■ **Problem description**:
All lines from the one containing "Vampire accueillante" down to the one containing "Lady Gaga INCREDIBLE", both ends included, are to be given again exactly; omit the rest of the listing below.

■ **Data for this exercise**:
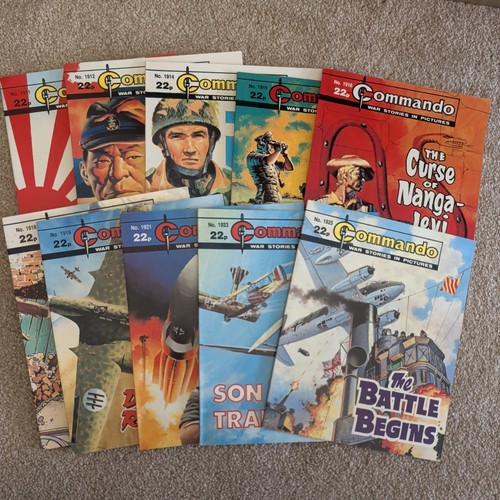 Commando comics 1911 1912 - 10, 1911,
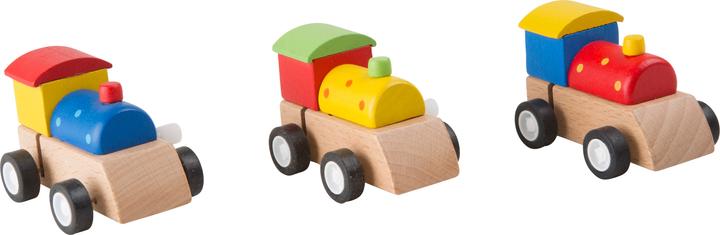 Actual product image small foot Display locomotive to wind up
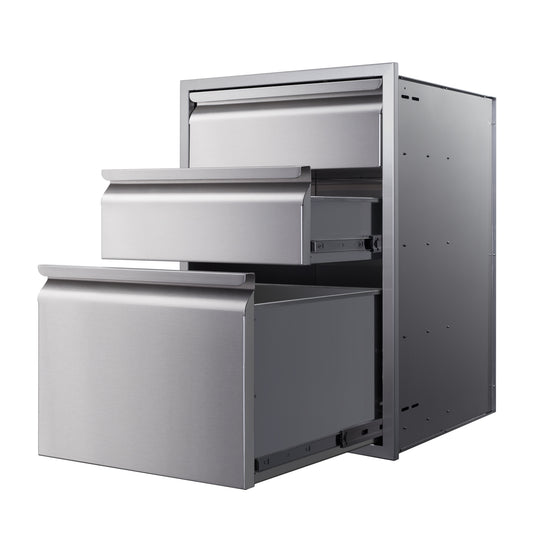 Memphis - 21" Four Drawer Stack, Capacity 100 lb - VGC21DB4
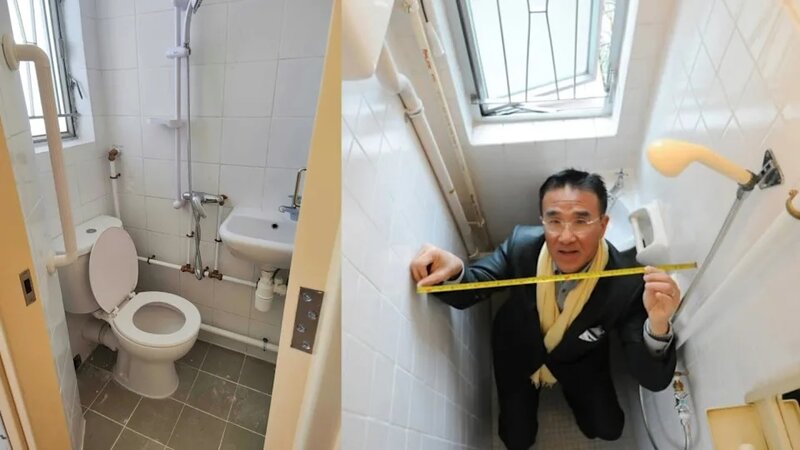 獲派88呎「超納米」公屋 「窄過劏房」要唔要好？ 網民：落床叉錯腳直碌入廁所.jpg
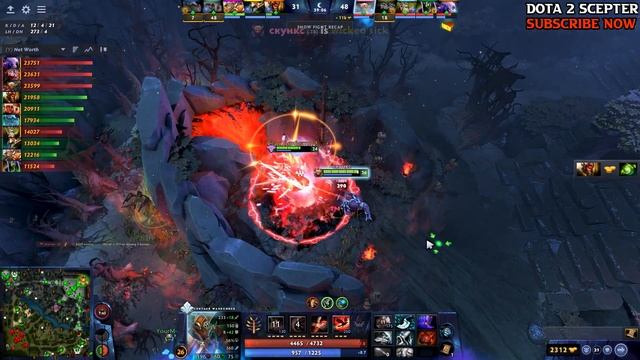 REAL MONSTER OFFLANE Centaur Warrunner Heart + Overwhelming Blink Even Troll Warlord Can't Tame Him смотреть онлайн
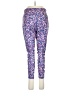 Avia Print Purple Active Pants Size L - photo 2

...

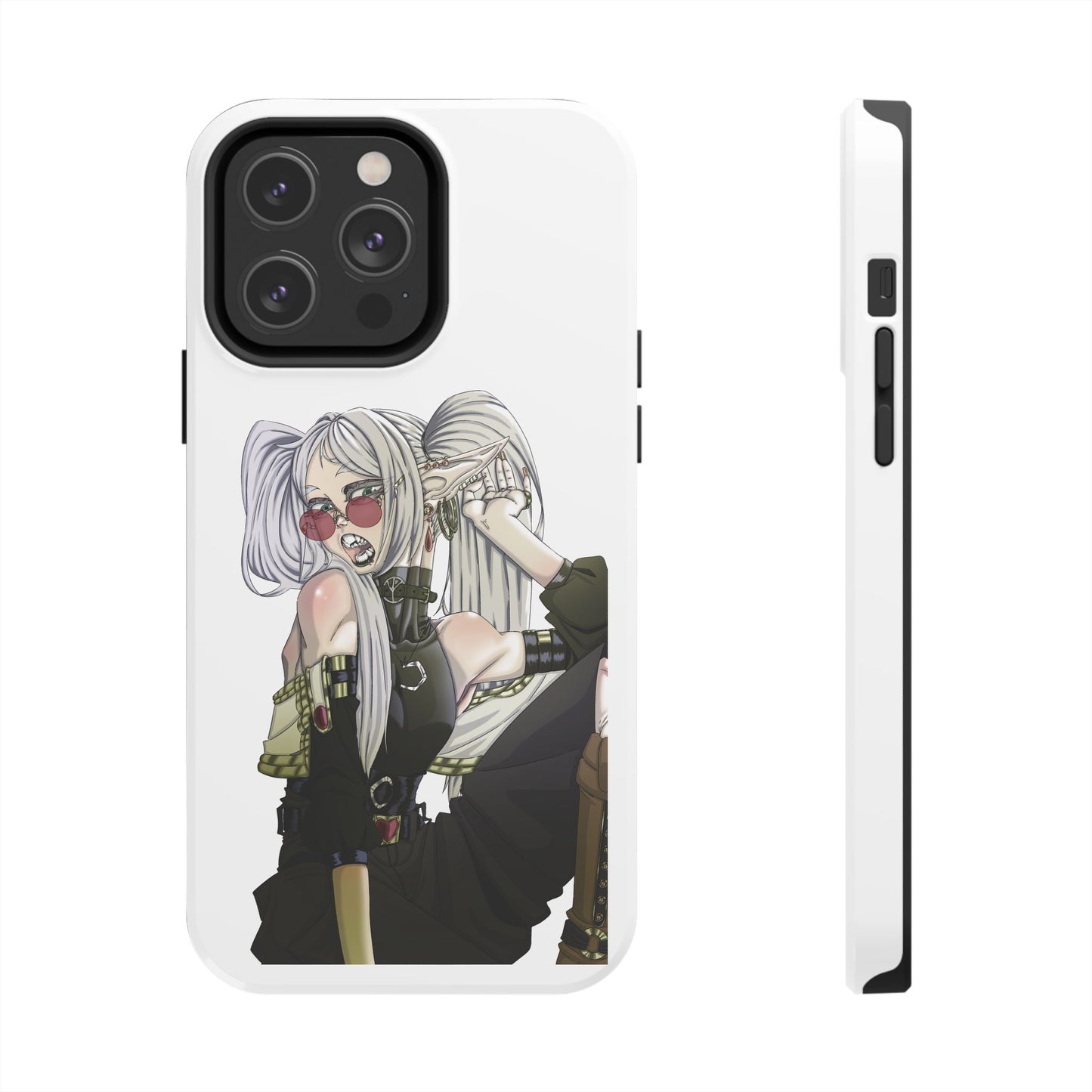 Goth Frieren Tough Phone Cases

* * *

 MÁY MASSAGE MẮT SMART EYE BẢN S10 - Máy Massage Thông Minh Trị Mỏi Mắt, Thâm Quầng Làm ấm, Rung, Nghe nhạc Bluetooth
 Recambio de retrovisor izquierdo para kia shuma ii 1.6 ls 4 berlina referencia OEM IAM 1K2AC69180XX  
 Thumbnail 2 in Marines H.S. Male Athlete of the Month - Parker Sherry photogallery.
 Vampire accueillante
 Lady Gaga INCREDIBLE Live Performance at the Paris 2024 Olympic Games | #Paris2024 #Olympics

■ **Exercise output**:
 Vampire accueillante
 Lady Gaga INCREDIBLE Live Performance at the Paris 2024 Olympic Games | #Paris2024 #Olympics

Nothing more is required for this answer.